Malcolm named US foreign policy for what it was: violent, racist, and imperialist. He opposed the US government not only for how it treated black Americans, but for how it destabilized and dominated other nations. He denounced the CIA’s involvement in assassinations and coups in Africa and Latin America. He exposed US support for apartheid South Africa. And he called out the hypocrisy of a nation that claimed to defend freedom abroad while denying it at home.
Today his critique remains devastatingly accurate.
Malcolm’s warnings echoed America’s ongoing support for Israeli bombardments of Gaza — where entire families are buried under rubble with US weapons. The dehumanization of Palestinians, portrayed as terrorists rather than a people under siege, mirrors the same propaganda Malcolm denounced when black Americans were criminalized for resisting systemic violence. Just as Malcolm exposed the double standards of US policy — human rights for some, occupation for others — today’s mass atrocities in Gaza underscore the same imperial logic he spent his life fighting against.

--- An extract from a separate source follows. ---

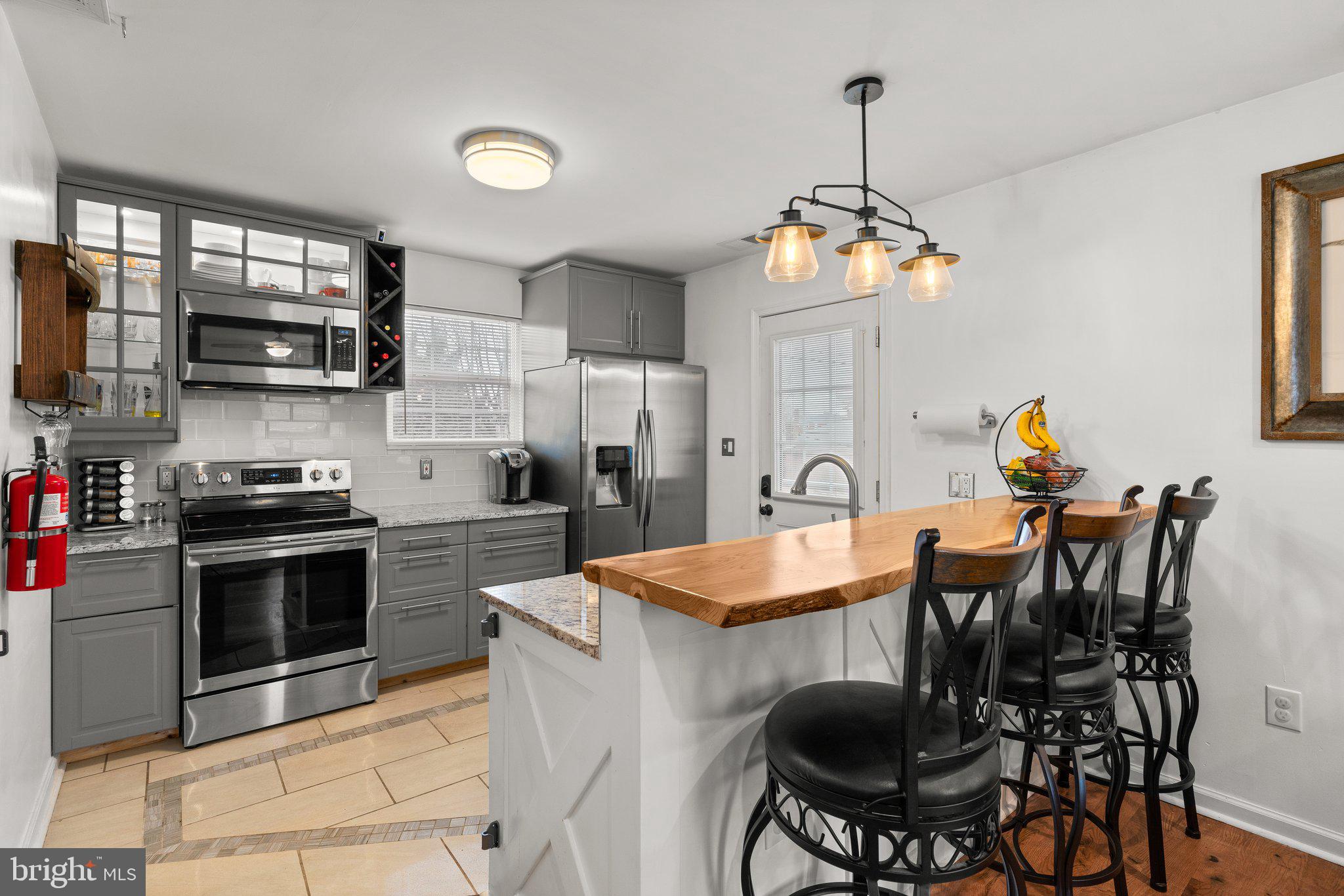 FAIRLAWN - Residential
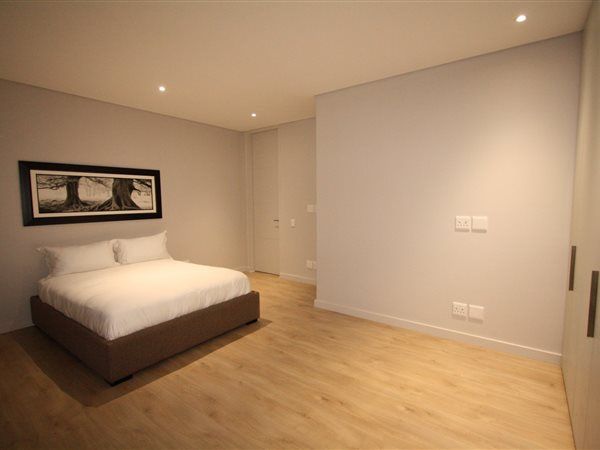 bedroom E2 Architects Minimalist bedroom Wood Wood effect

We see it in the military occupation and destabilization of Haiti, where US-backed governments have left the country in chaos. And we see it in the nearly $1 trillion defense budget that fuels drone wars, coups, and hundreds of military bases around the world, even as poor communities in the United States are starved of basic services and a significant portion of Americans live paycheck to paycheck.
Domestically, Malcolm X’s analysis of systemic racism has never been more relevant. He described the police in black communities as an occupying army — language still echoed by activists in the wake of police killings from Ferguson to Minneapolis. Malcolm also understood mass incarceration before it had a name, warning that systems of punishment were designed to control and contain black people, not rehabilitate or protect. “This is what they mean when they say ‘law and order,’” he declared. “They mean they want to keep you and me under control.”
The moment Malcolm returned to the states after he completed his Hajj pilgrimage to Mecca, and met with leaders and intellectuals during his travels through the Middle East and Africa, he held a press conference at JFK airport. There he spoke about the transformation in his thinking and introduced the idea of approaching the African American struggle as a human rights issue, declaring he would work to bring charges against the United States for its treatment of black people.